其二,用青年流行语涵化思想政治教育话语。青年流行语蕴含青年直观的表达和认知,将这些流行语融入思想政治教育话语中,能够增强思想政治教育话语感染力、亲和力和生动性,提升思想政治教育的针对性和实效性。一方面,提炼高频热词、表情包、金句等青年流行语中具有标识性、解释力、说服力的元素,将其嵌入思想政治教育的内容、形态、方法、载体之中,以青年喜闻乐见的话语讲好党的创新理论,使思想政治教育话语更加贴近青年实际,让青年“听得懂、听得进”。另一方面,直面青年的认知视角和话语表达方式的差异,通过社交媒体、短视频平台、直播平台等多元渠道,以图文、视频、互动问答、话题讨论等青年话语形态和叙事方式,将抽象的思想政治教育话语还原为大众话语、生活话语,“把思想政治教育过程的宏大叙述与微观叙事、抽象理论与具体实践、群体导向与个人体验相结合”[13],提升思想政治教育话语的接受度,实现其答疑解惑、思想启发和价值引领作用。需要注意的是,要引导青年正确对待流行语,避免过度依赖和泛用,确保思想政治教育话语的学理性、规范性和严谨性。
(三)创新青年流行语的话语形式
青年流行语的创新不但是语言的形式创新,而且是运用数智技术赋能话语的生成、传播与再造,体现话语、社会与技术的深度融合。
其一,实现青年流行语话语的形与神相统一。青年流行语作为形神兼备的话语表达方式,不仅在外在形式上展现出独特的词汇结构、语音语调、修辞手法,其内涵也深刻承载着社会背景、精神特质和价值观念,共同作用于青年的自我认同、集体认同以及社会行为模式的塑造。一方面,突破传统语言规则,对其文字搭配、情感色彩、浅层含义进行再造。“用图像把信息文字或语音文本转变为可视化图本,并把信息所蕴含的音调、快慢、节奏、情感等因素外化为可观看和可感知”[14],以提升其趣味性和时代感,重构青年话语的场景和表达方式。另一方面,通过“经常到青年中去,同青年零距离接触、面对面交流,了解他们的思想动态、价值取向、行为方式、生活方式,倾听他们对社会问题和现象的看法”[15],将青年的情感变化和群体特征融入青年流行语之中,从而使青年流行语既贴近青年实际,又具有深厚底蕴和价值导向,成为连接青年和社会的纽带,在形与神的统一中发挥理解青年、引领青年、形塑青年的重要作用。
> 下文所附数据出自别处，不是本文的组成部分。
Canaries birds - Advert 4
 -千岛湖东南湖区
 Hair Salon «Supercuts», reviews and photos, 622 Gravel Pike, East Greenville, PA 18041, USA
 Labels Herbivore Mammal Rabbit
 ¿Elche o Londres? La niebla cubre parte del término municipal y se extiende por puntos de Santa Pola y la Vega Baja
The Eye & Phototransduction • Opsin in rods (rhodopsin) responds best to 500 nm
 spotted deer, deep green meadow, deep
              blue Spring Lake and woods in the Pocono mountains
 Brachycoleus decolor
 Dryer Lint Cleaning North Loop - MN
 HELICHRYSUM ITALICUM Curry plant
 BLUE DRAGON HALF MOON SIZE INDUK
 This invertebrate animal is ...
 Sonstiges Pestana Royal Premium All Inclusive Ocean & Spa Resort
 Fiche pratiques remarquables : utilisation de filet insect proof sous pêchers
其二,用数智技术赋能青年流行语的话语形式。以生成式人工智能、大数据、云计算为代表的技术革命正深刻改变青年的思维方式、生活方式和行为方式,也渗透进青年流行语的演变、传播以及话语形式创新的全链条。正如习近平主席在致国际人工智能与教育大会的贺信中强调的,“人工智能是引领新一轮科技革命和产业变革的重要驱动力,正深刻改变着人们的生产、生活、学习方式,推动人类社会迎来人机协同、跨界融合、共创分享的智能时代”[16]。一方面,以数智技术提升青年流行语的生成性和适应性。借助大数据分析、自然语言处理、语音识别与合成等技术对大量社交数据、网络评论和互动内容进行深度分析,生成更加契合青年表达需求、更具互动性和参与感的话语形式,让青年流行语以生动多元的形式呈现,表现力和吸引性得到提升。另一方面,用数智技术推动青年流行语的传播。以数据、算法、算力、模型为基础,通过社交媒体平台、短视频应用和即时通讯工具的抓取、筛选、聚合和推送机制,推动青年流行语跨媒介、跨地域、跨语言传播和直达。同时依托虚拟现实、增强现实、混合现实等技术和视听、展陈、交互装置等智能介质,构建沉浸式、立体式、场景化话语传播矩阵,实现不同群体之间的话语流转。除此之外,还应运用数智技术持续追踪并精准分析流行语的使用频率、场景和语境,对青年的语言习惯、互动行为和情感倾向进行全面画像,挖掘青年的潜在需求和兴趣点,进而提升流行语内容供给、加工和转化的精准性,为青年流行语的持续优化和有序发展注入活力。
参考文献:
[1]周琪.思想政治教育视域下的“生活世界”话语回溯与规定[J].教学与研究,2009(11).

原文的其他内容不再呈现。